As you reflect on what Christ’s birth means for you and your suffering today, remember that he has succeeded at everything he was born to do—from canceling our debt to affording us his glorious riches. Remember that Jesus was born so that pain and grief would die (Rev. 21:4). He was born to bear you up in your affliction (Ps. 68:19)—born to be with you always, even to the end of the age (Matt. 28:20). Christ was born to be your hope in mourning and your strength in weakness—your resurrection life in the darkness of death. In your sorrow, behold your faithful Savior. The world cannot overtake you because he was born to overcome the world (John 16:33).

No, this Christmas may not be merry for you. But it can serve to make you more resolute in Christ’s hope. The Son wasn’t born to fail the Father. He wasn’t born to fail you either.

Christine Chappell, author, Midnight Mercies

The Hope of Christmas and Your Identity

Advent is a time to ponder the humility of Christ and God’s plan to remake us in his likeness. To obey this call from the heart, we must first adopt the mindset of Christ.  

When Jesus left heaven to come to earth, he refused to consider his personal glory “a thing to be grasped” (Phil. 2:6). The word grasp means to hold to something so tightly that you could never let it go. The Son of God humbled himself by being born into our broken world, because he considered our need of salvation greater than his right to display his glory. Jesus clothed his magnificent glory within the humility of an infant. Thirty-three years later, he subjected himself to the humiliation of public torture by “becoming obedient to the point of death, even death on a cross” (v. 8). 

Humility delayed his future glory, but it will be recognized one day, when he comes a second time and “every knee [shall] bow, in heaven and on earth and under the earth, and every tongue confess that Jesus Christ is Lord, to the glory of God the Father” (vv. 10–11). But you need not wait to humble yourself and become more like Jesus. You can begin by worshipping your humble Savior even now. 

Consider the Spirit’s work of remaking you in the image of the humble Christ. What is one specific way you can follow his example by putting someone else’s needs above your own this advent season?

Paul Tautges, author, Remade

The Hope of Christmas and Your Sunday Morning

Is church hard for you? Do changes in your church or in your personal life make it difficult to show up, especially at this time of year? Have hurt or conflict discouraged you from worshipping on Sunday mornings?

Thankfully, the Bible speaks honestly about these kinds of difficulties. The Christmas narrative itself contains a story of a woman for whom church was probably hard. We know a few things about her: Anna was old, she came from a forgotten family line, she had no immediate family, and she kept showing up to worship (Luke 2:36–38). 

Why would someone like this commit to going to worship “night and day” (v. 37)? The answer is that Anna had hope. She was “waiting for the redemption of Jerusalem” (v. 38). Year after year, she trusted God would fulfill his promise to send a Messiah to save his people, and so, year after year, she went to the temple expecting him to do it.
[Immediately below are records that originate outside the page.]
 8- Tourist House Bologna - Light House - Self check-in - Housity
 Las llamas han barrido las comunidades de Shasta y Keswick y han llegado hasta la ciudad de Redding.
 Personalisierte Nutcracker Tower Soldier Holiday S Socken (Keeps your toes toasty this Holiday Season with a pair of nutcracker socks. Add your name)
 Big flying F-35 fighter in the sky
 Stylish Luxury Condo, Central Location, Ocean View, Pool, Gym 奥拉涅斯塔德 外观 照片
And then, one day, he did. As Anna watched Joseph and Mary carry the infant Christ into the temple, all her hopes were realized (v. 38).
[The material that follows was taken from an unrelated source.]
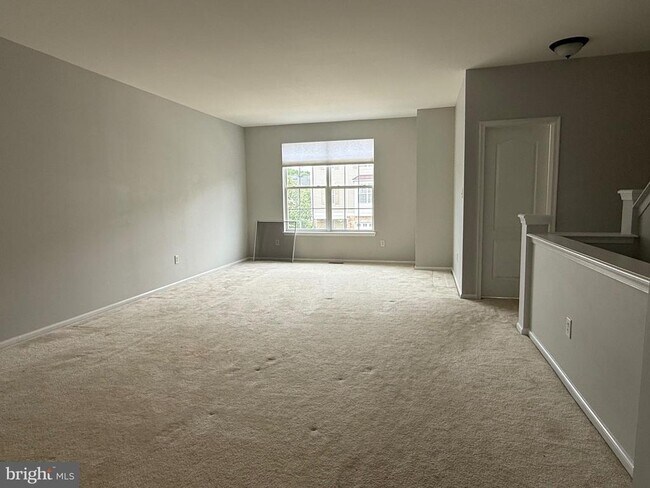 Building Photo - 121 Acorn Dr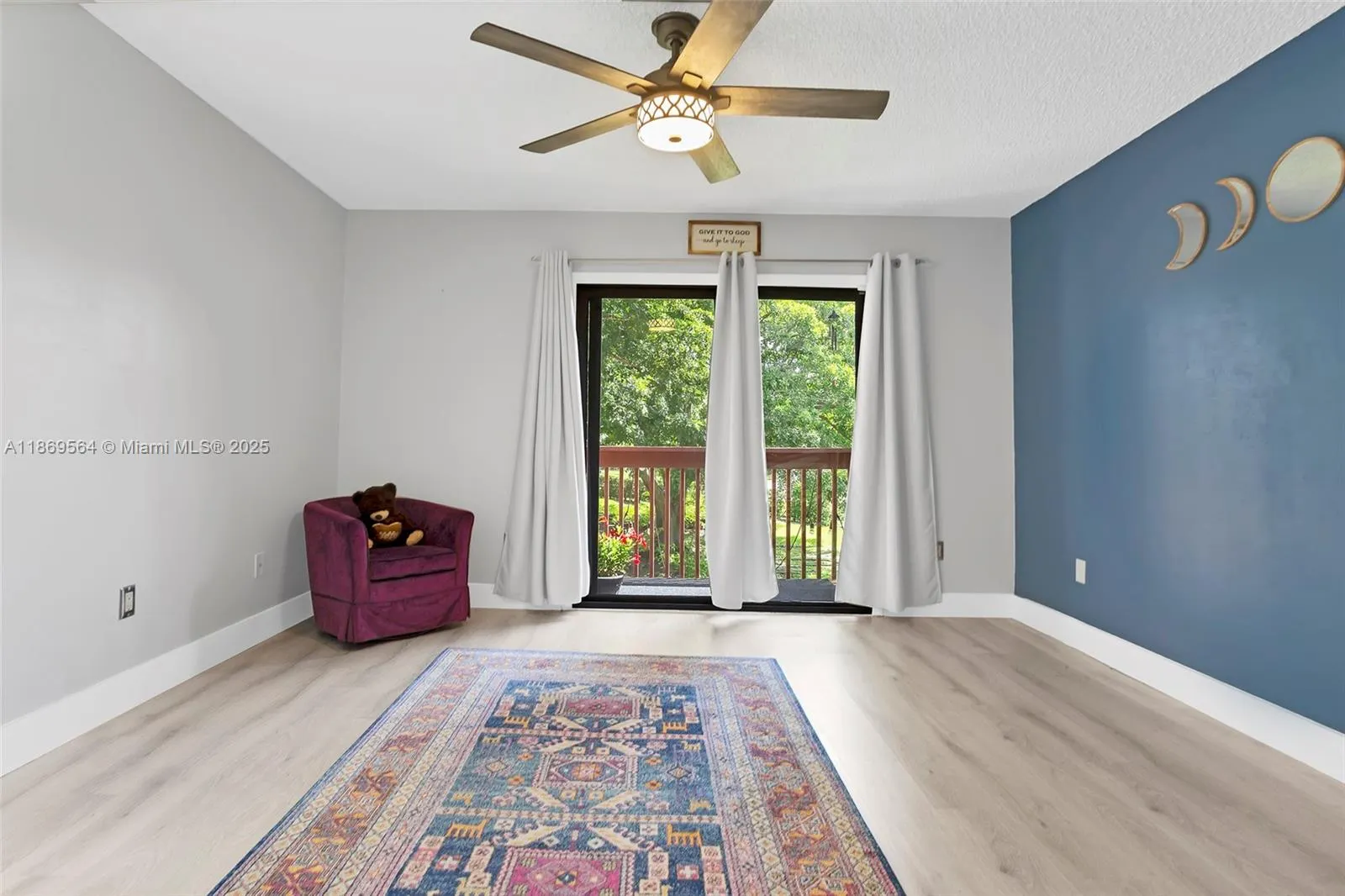 469 SE 14th St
When gathering with God’s people for worship is hard, we too can have hope. God has promised to meet with us there (Matt. 18:20). By his Spirit, Jesus comes among his people as they worship together. On Sunday mornings, he receives their praises, hears their prayers, speaks to them in his word, and reveals himself in the sacraments. Like Anna, we can keep showing up because we know that Christ will too.